Editorial: Novel MRI biomarkers

Introduction

Magnetic Resonance Imaging (MRI) has been available for over 40 years and has made great strides in the diagnosis of numerous pathologies. The advancements in MRI methods, pulse sequences, electronics, radiofrequency (RF) coils, and the improved magnetic fields and gradients, have continuously broadened and deepened the applications of MRI and make it the primary imaging assessment tool for many diseases and an important part in management decisions. MRI biomarkers are specific and measurable characteristics obtained from MRI scans, which can include structural, functional, molecular, or quantitative information, offering important insights into biological processes, diseases, or conditions within the body.

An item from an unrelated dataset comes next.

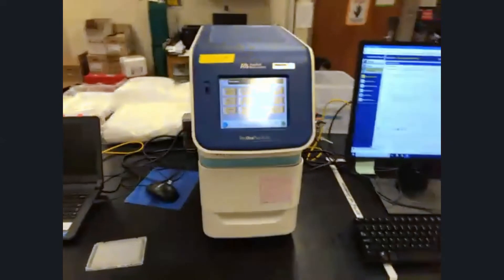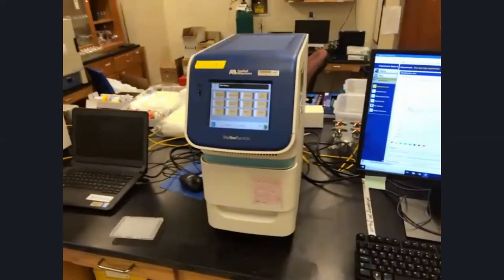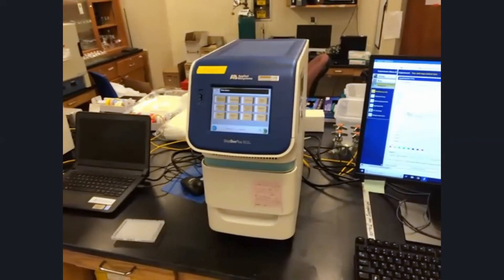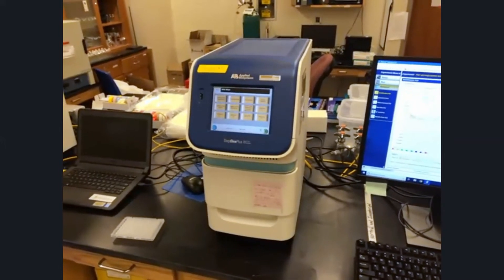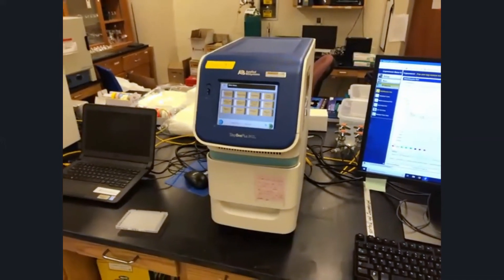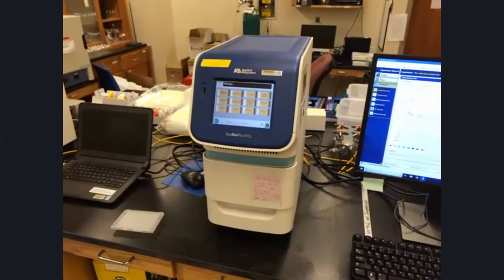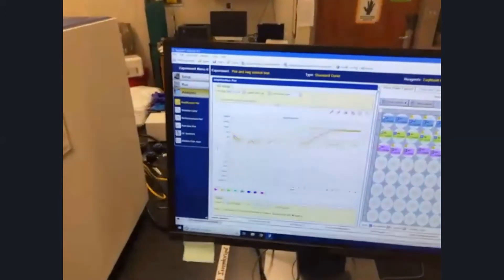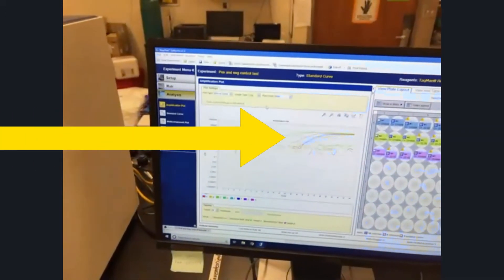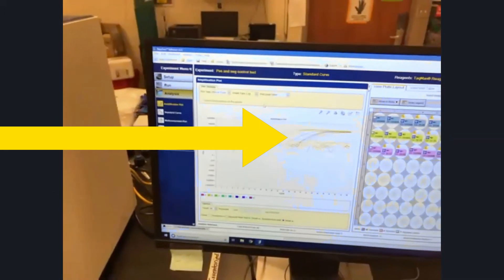It then gets loaded into this machine, which cycles through a variety of temperatures and amplifies specific regions. In this case, we're measuring for both the virus as well as human RNA, to ensure that we collected a sufficient sample. The output allows us to see signals — as these lines increase, that is the signal indicating we're able to detect the target we're interested in.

The goal of this Research Topic “Novel MRI Biomarkers” was to provide a platform for researchers to share findings and exchange ideas. The articles featured in this Research Topic contributed unique perspectives and innovative approaches to their fields. Here we summarize these articles in this editorial.

T_1ρ imaging at ultra-high field

T_1ρ, the spin lattice relaxation time in the rotating frame, has been used extensively to probe the relatively slow macromolecular processes, making it a practical tool for gaining information about water spin dynamics and interactions with endogenous macromolecules [1–3]. Studies have indicated that at high static fields (3.0T and beyond), chemical exchange significantly contributes to T_1ρ relaxation [4–6]. Therefore, at higher static fields, T_1ρ may improve its capability to investigate the content of labile protons associated with macromolecules. The study presented by Liu Y et al. conducted the T_1ρ imaging in human brain at ultra-high field (5.0T) and compared the results with 3.0T. They found that there was no significant difference in T_1ρ values between 3.0T and 5.0T, but the signal-to-noise ratio (SNR) was significantly improved at 5.0T, indicating the benefits of using 5.0T in investigating neurological disorders. It is worth noting that T_1ρ imaging at higher field strengths is prone to image artifacts arising from field inhomogeneities. There have been significant efforts previously to address this Research Topic [7–10]; another Research Topic at higher fields is the high specific absorption rate (SAR) that potentially prolongs the imaging time. The study showed that both issues were manageable at ultra-high field 5.0T.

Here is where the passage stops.